Pire encore, des civils ont été utilisés comme boucliers humains par les groupes armés, une tactique ignoble forçant des déplacements massifs de populations vers des zones reculées et inhospitalières. Face à ce cercle vicieux de la violence et de la méfiance, les séances de dialogue organisées du 17 au 19 décembre ont représenté une bouffée d’oxygène. Leur objectif central était double : apaiser les tensions et rétablir les canaux de communication entre les forces de sécurité et les civils qu’elles sont censées protéger.
À l’issue de ces échanges francs, les communautés ont pris des engagements historiques. Outre le retour dans leurs villages et la reprise des activités agricoles et économiques, elles ont promis une collaboration active avec les services de sécurité. Cette collaboration communautés services sécurité est présentée comme la clé pour briser l’emprise des groupes armés sur le tissu social. Cependant, cette coopération n’est pas inconditionnelle.
Les participants ont émis des recommandations précises à l’adresse des autorités. Ils exigent le respect scrupuleux des droits humains par les éléments des FARDC sur le terrain. Le renforcement de la relation civilo-militaire est jugé impératif pour éviter de nouvelles incompréhensions. Par ailleurs, l’intensification des patrouilles mixtes impliquant les FARDC, l’UPDF ougandais et la MONUSCO est réclamée pour mieux sécuriser les axes et les villages.
Un dialogue inclusif pour une cohabitation pacifique entre toutes les communautés de l’Ituri a également été plébiscité.

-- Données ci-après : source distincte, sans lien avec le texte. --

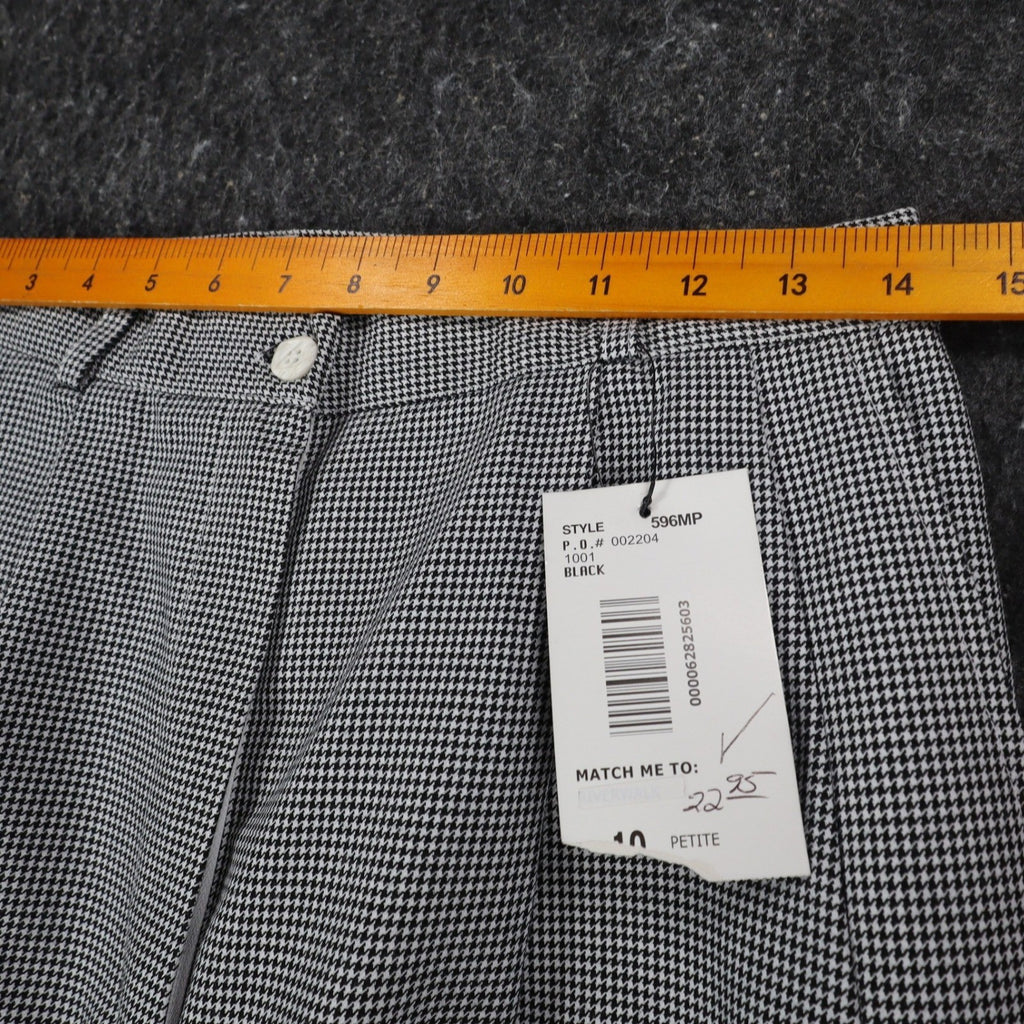 Southern Lady Dress Pants Womens 10 Petite Black White Houndstooth Pleated New - take2supply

Les populations ont lancé un appel poignant : cesser l’assimilation systématique des jeunes aux groupes armés, qu’il s’agisse de la milice CRP Thomas Lubanga ou de la CODECO. Cette stigmatisation, selon eux, alimente le ressentiment et pousse certains dans les bras des milices. Ils demandent également la levée des barrières et tracasseries routières qui étouffent l’économie locale et humilient les civils.

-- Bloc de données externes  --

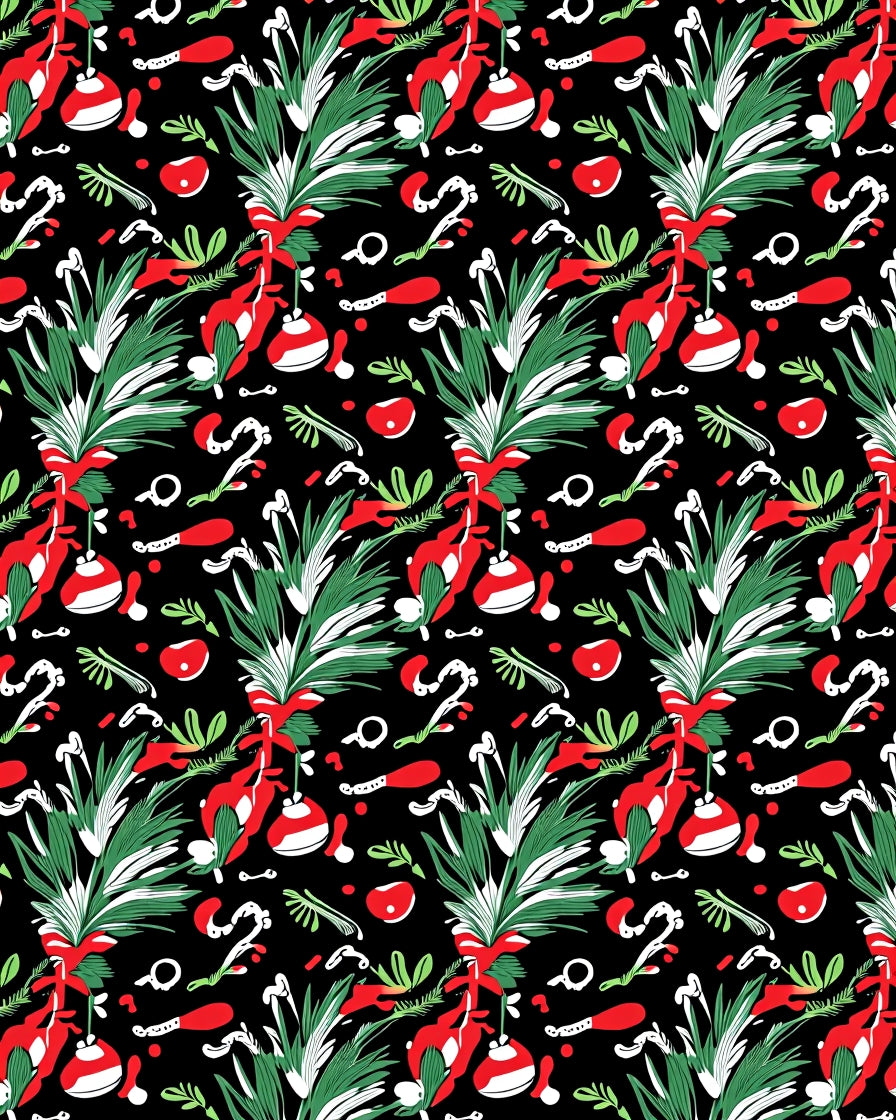 Festive Green Pine with Red Ornaments Rug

Ces séances cruciales ont réuni environ une centaine de personnes, reflétant la diversité de la région. Des autorités coutumières Lendu et Hema, souvent au cœur des tensions, ont côtoyé des acteurs de la société civile et des représentants des déplacés des sites de Lodha et Djaiba. Cette composition mixte a permis des échanges transversaux et une représentativité des différentes sensibilités.

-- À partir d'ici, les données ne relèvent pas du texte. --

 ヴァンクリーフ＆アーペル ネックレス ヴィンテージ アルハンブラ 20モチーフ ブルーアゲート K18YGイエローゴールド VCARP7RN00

Le retour des populations dans les villages de l’Ituri constitue donc un signal fort, mais fragile. La réussite de cette initiative dépendra de la traduction concrète et rapide des engagements pris de part et d’autre. Les opérations FARDC contre CRP ont peut-être créé un espace sécuritaire temporaire, mais la pérennité de la paix repose désormais sur la confiance retrouvée et la justice sociale. La sensibilisation paix Ituri menée à Bule et Fataki a planté une graine. Maintenant, les acteurs locaux et internationaux doivent tout faire pour la voir germer et résister aux prochaines tempêtes. La vigilance reste de mise, car le chemin vers une paix durable est encore long et semé d’embûches dans cette province riche mais tourmentée.